How the George Graham-organised centre-halves that began this competition for Arsenal must have cringed when watching the total absence of aerial authority in their current injury-riddled backline, except then you remember that they actually opened the competition with a 4-2 home defeat to Norwich City, so maybe some of this was fitting in its own way. Leicester were just as culpable in the opening few minutes, allowing Lacazette a completely free header from a Mohamed Elneny cross, to score his first goal for Arsenal and first Premier League goal of the season after just 90 seconds. We were off and running... but Arsenal weren't yet.

It took as little time for Leicester to quell any growing home optimism from that, as Harry Maguire headed a Marc Albrighton cross back across goal for Shinji Okazaki to then nod in himself from just yards. Two free headers in the air should never have been allowed, except that it’s inevitable when you allow a situation where a side have two left-backs in a three-man defence. Nacho Monreal was in the central role that Laurent Koscielny or Per Mertesacker would usually occupy, and looked predictably out of sorts and out of position when Vardy caught him out to volley in another Albrighton cross on the half-hour.

That chance came from a misplaced Granit Xhaka pass in his own area, and emphasised another problem for Arsenal, especially with such an under-strength defence. Xhaka and Elneny seemed far too content to vacate the central area after playing a ball forward, leaving that backline even more exposed.

Little wonder the game was so open, but it did mean Arsenal were even livelier at the opposite end. Sead Kolasinac had a volley palmed away, and Danny Welbeck probably should have scored twice, before the pressure gave and the two finally combined just before half-time for the striker to force home an equaliser.

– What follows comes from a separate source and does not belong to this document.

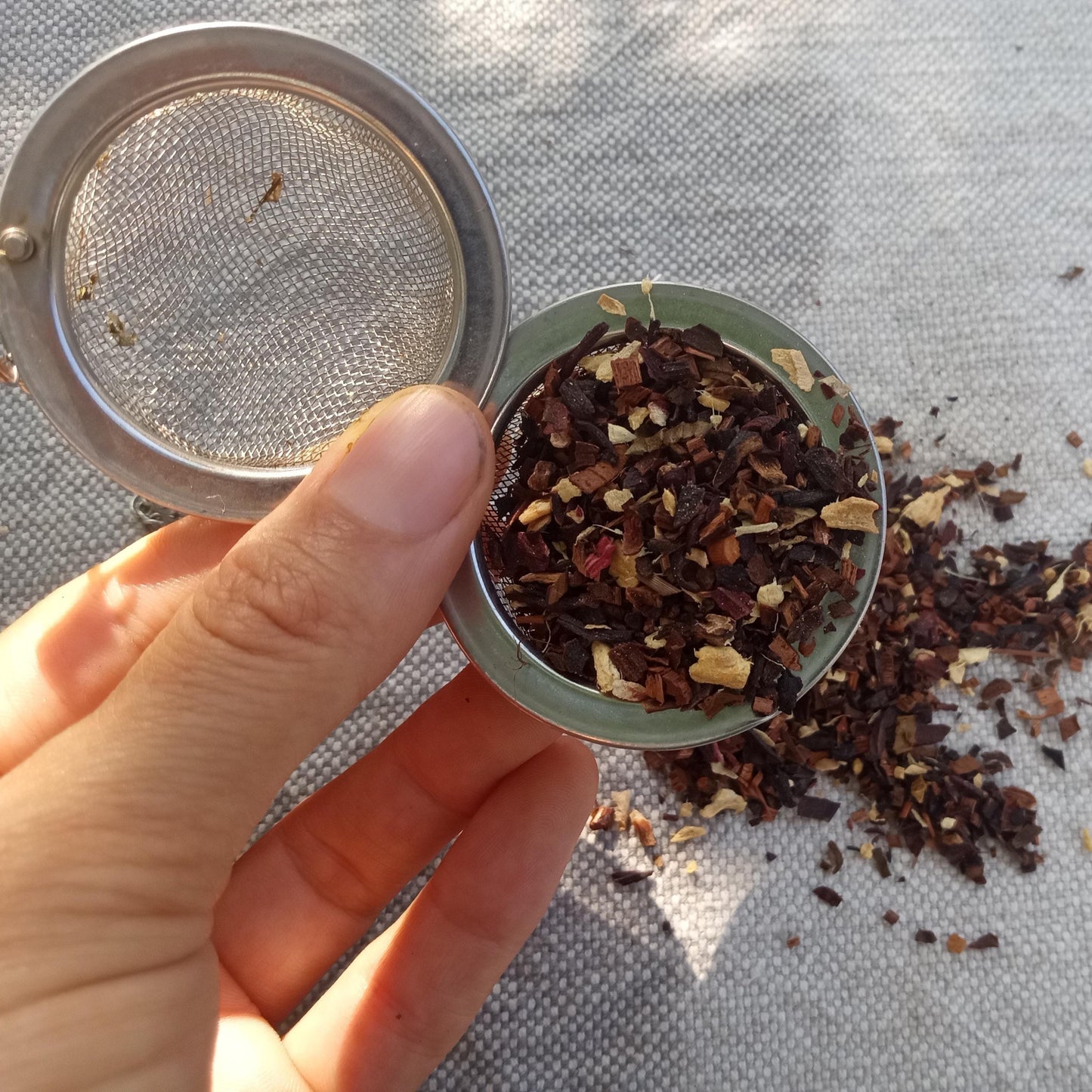 Honey-Biscus-Ginger Tea with Hibiscus, Ginger & African Honey Bush - Organic Loose Leaf Herbal Tea Blend - Vitamin C Rich Herbs for Ice Tea Infusing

Alexandre Lacazette scored a deft header within two minutes of his home debut (Getty Images)

Arsenal might have had a penalty when the ball struck Wilfred Ndidi’s hand in the area, but Mike Dean waved play on.

Arsenal’s defence, meanwhile, kept waving Leicester through. Having so clearly noted just how jarringly vulnerable Cech’s defence was, the visitors upped it in the second half, playing higher up the pitch and looking to expose those two left-backs even more. Riyad Mahrez was suddenly on the ball much more, Leicester looking to pierce balls in behind much more. One of them almost saw Vardy get around Cech only for the goalkeeper to make a fine sliding tackle, only for Leicester to return to a more orthodox and obviously successful way of attacking against this side: swinging balls into the area.

Mahrez did exactly that on 54 minutes from a corner after he himself challenged Cech’s handling with a shot, and Vardy was again unchallenged as he rose easily to glance the ball in.

For Arsenal’s part, it wasn’t helping that Kasper Schmeichel was at that point meeting every test in a way that the home defence was not, blocking an Alex Oxlade-Chamberlain shot at one moment and then denying Lacazette the next.

Jamie Vardy twice put Leicester ahead - but they could not hold on (Getty Images) (Getty)

Aaron Ramsey couldn’t point to Schmeichel’s brilliance when he squandered the opportunity of the game by heading wide from just yards out on 69 minutes, but could perhaps blame a certain rustiness from just having come on as a sub.

He soon warmed up, though, and plundered a brilliant equaliser seven minutes from the end of normal time by powering the ball past Schmeichel when left free at the edge of the box.

The levy had broken, and Arsenal finally broke a trend through another substitute. Five minutes from the end, Giroud rose above the Leicester defence, to supremely head the ball in off the bar and over the line.

It meant Arsenal get over an old problem, for an invigorating new feeling - they just have to address a few other problems to make sure that feeling endures.